Album Review: Legendarium – “Death’s Hand in Yours” (Power/Death Metal)

Written by Barlovv

Legendarium Death’s Hand in Yours
> Powerdeath
> Netherlands
> Released December 9
> Independent/self-release

“Death’s hand in yours
The final descent
Down the drowned steps
You walk to your end


I’m going to be totally honest here, I worried—at first—that Legendarium and I might not vibe and almost didn’t write this review. There is something in the mix that just wasn’t working for me, and I will talk about that, but here’s the thing: Death’s Hand in Yours is an absolute fucking blast, and a good reminder to me to ruminate on the albums that I listen to a bit more. Gut reaction does tend to take over when time is as short as it is and there is as much music as there is, but here we are and Legendarium’s new effort is a genuinely pleasant thing and one I had a really positive experience with. So, let’s get into it.

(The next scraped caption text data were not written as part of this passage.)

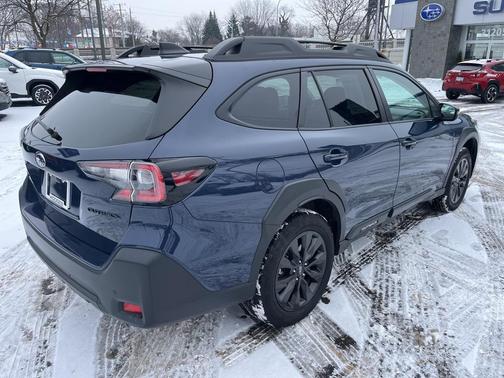 2023 Subaru Outback Onyx Edition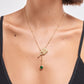 Game Day Glam Sports Necklace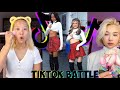 Gambar cover 🌈TikTok Battle Kikakiim x Homa x Adaliatta | Tik Tok Dances Compilation | Rainbow TikTok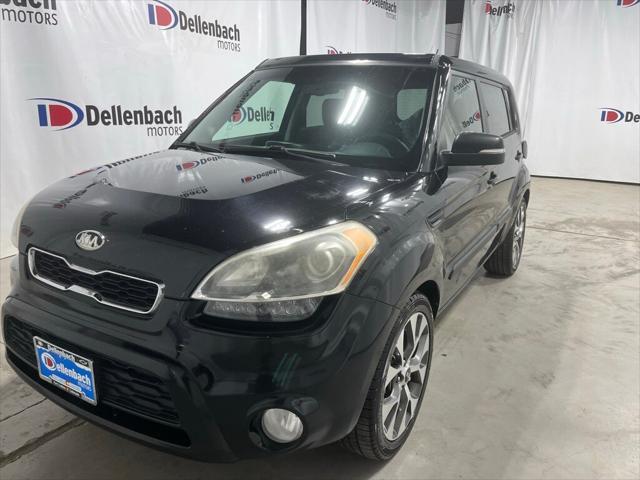 used 2012 Kia Soul car, priced at $4,500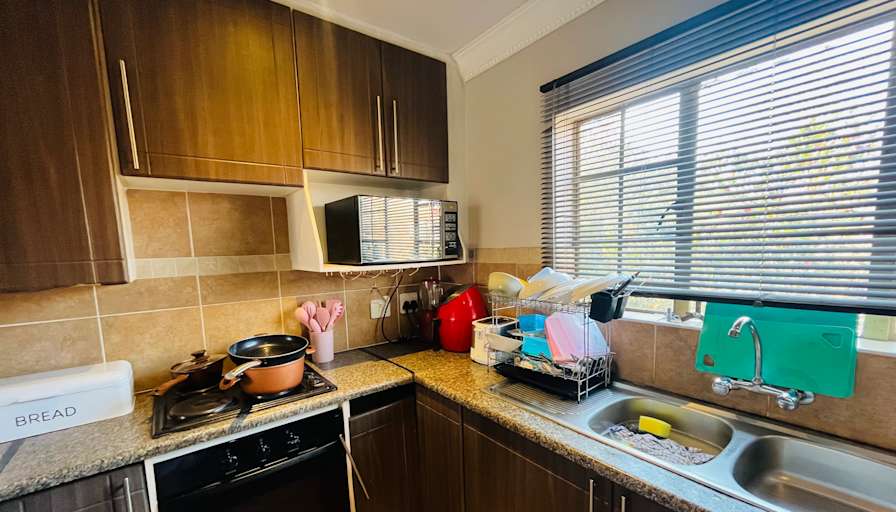 Siphesihle Zuma's room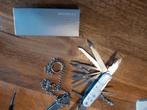Victorinox zilver kleur, als nieuw, Ophalen of Verzenden, Zo goed als nieuw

Let’s get into exactly what my fucking problem is first shall we? Initially, I felt a disconnect between the vocals and the instruments. The instrumental pieces are crisp and huge where the vocals felt a bit more lo-fi and almost didn’t compliment the instrumentals in the way I wanted them to. This is either a stylistic choice or a limitation in recording, but what I’m here to tell you after a few runs of this album, and continuing to listen to it while I write this review, is that I was wrong. It works, it just fucking works. I will say I prefer the clean vocal performance on this album, but that’s more about me than anything else.

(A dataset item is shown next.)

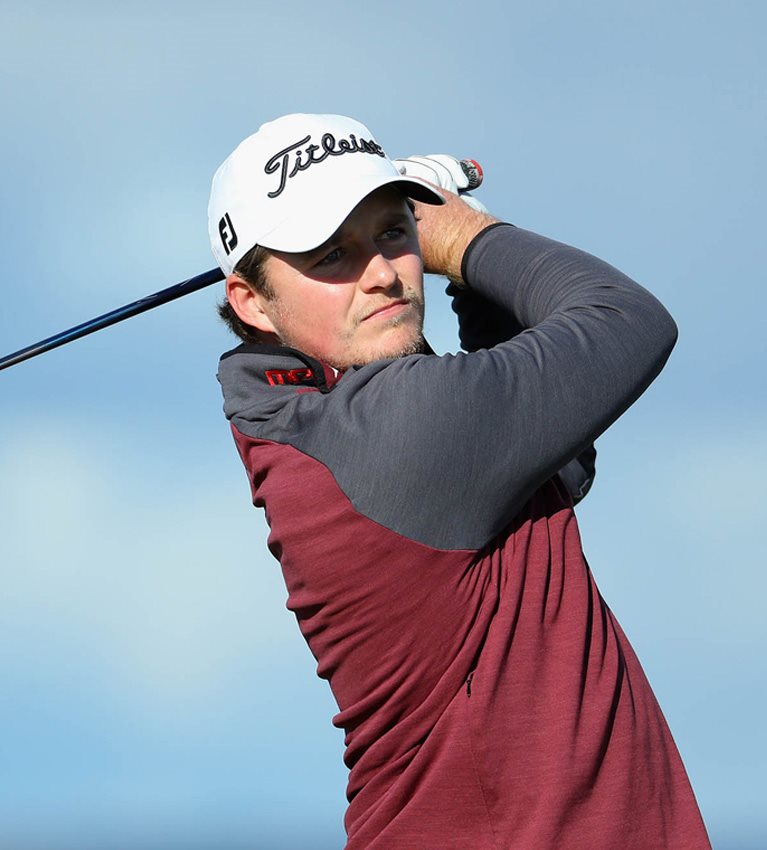 Hot stuff from Eddie Pepperell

So just how wrong was I when I didn’t think me and Legendarium would vibe?

Extremely fucking wrong.

First off, Legendarium’s instrumentals are fucking exceptional. The guitar work alone on this record deserves all of the accolades you can throw its way. Death’s Hand absolutely shreds from start to finish, and it’s one of the few times I’ve felt myself get pumped up by solos. Laurence Kerbov shows themself to be a musical virtuoso, delivering rock solid performances on guitar, bass, keys, and providing the vocals. With Stefano Vaccari on drums, and Jared Archon guesting on the fucking saxophone, this thing is teeming with talent and it leaves it all on the record. The album is high-energy from start to finish and sets a tone matched by that goddamn excellent cover art.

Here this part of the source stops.